You can see quite clearly how we are going to vote about those things if there is something to be voted on. You can’t go from nothing to everything, but you can go from nothing to something. The party is set up in such a way that it will grow; it can grow into whatever it needs to be.

What is your take on LGBTIQ in Australian politics today?

I love the fact that we have a handful of out gay, lesbian and transgender politicians. There are not that many, but they are there. Though they are encumbered by their party platforms and they’ve had to do things that prevent them from having a clear voice on these issues. They are forced to work within the structures of what they’re doing.

People have said to me, “Why do we need this party? We have The Greens or The Sex Party.” I say, “Firstly, we need to speak for ourselves. Secondly, when other important agendas come up for those political parties, our priorities can get pushed to the side.”

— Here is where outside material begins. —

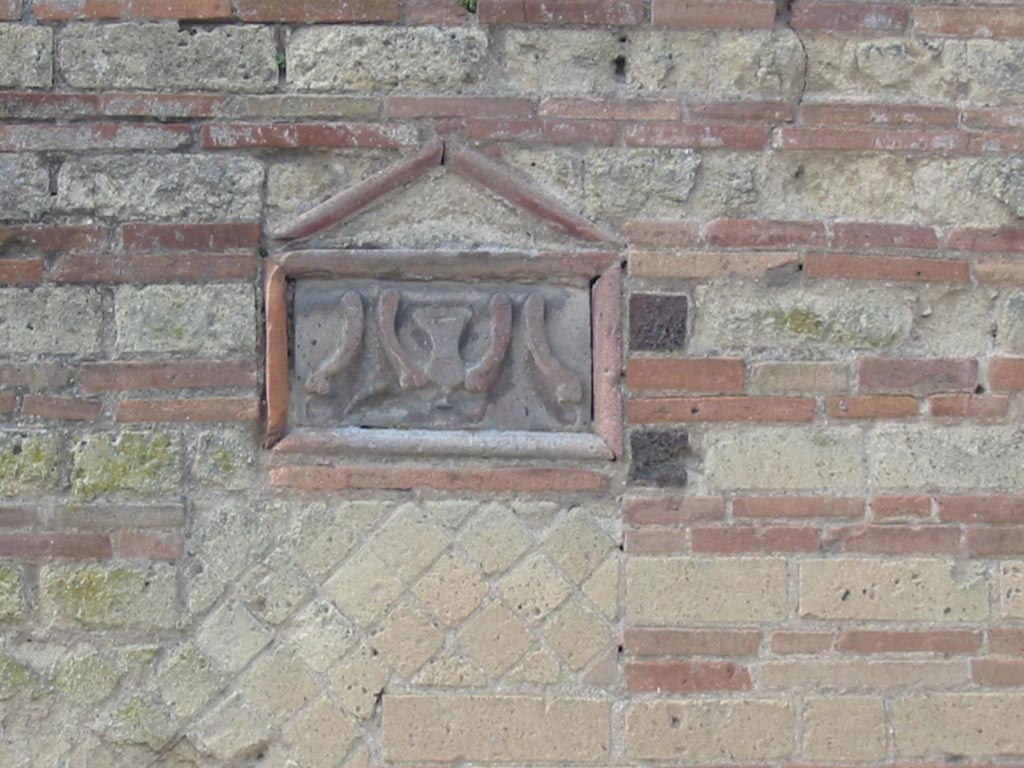 VI.14.28 Pompeii. May 2003. Plaque on wall, south of entrance doorway. Photo courtesy of Nicolas Monteix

If up to 10 per cent of the population are of diverse sexuality and gender, then that is approximately 2 million people, plus their friends and family. It will be better for everybody if we can fix this. We are equally right leaning as left leaning. If people want to vote economically to the right, they can now vote socially centrist and have both. It’s been really important, it’s been a missing gap.

As you can see with the way we present ourselves, we’re being honest. You can see what we stand for. And we do stand for something. Which is a refreshing change too.

If we don’t agitate for change, whatever area it is, it will not happen.

What do you think of Ireland passing the same-sex marriage referendum and do you think it will have an affect on policy here in Australia?

It’s exciting, in fact it’s outstanding to see a catholic country vote overwhelmingly for marriage equality. If the USA follows next month after the Supreme Court decision we will be the only western English speaking country left that discriminates. Surely this puts pressure on our government to actually represent the people. This is beginning to play out which is encouraging.

In an ideal world, what do you want to achieve by representing the LGBTIQ community? What would be success for you?

It probably won’t happen in my lifetime, because even though women are equal in Australia they are still not treated equally. I would love to think that one day an LGBTIQ person who is 10 or 12 years old can just think, “wow, I’m as normal as everyone else, and the pathways for me are as varied and available to me as they are to everyone else.”

Where I grew up there was no positive representation of a gay or lesbian person, ever. Now, the younger generation do have that, but it’s still not safe for them. I know that for a fact. We need to make it so that we are fully included.

That is the dream: that nobody gives a shit whether you are gay or straight because you are judged and assessed by the person you are and what you do. Those things have nothing to do with your gender, your orientation, your race, wealth status, or even how intelligent you are.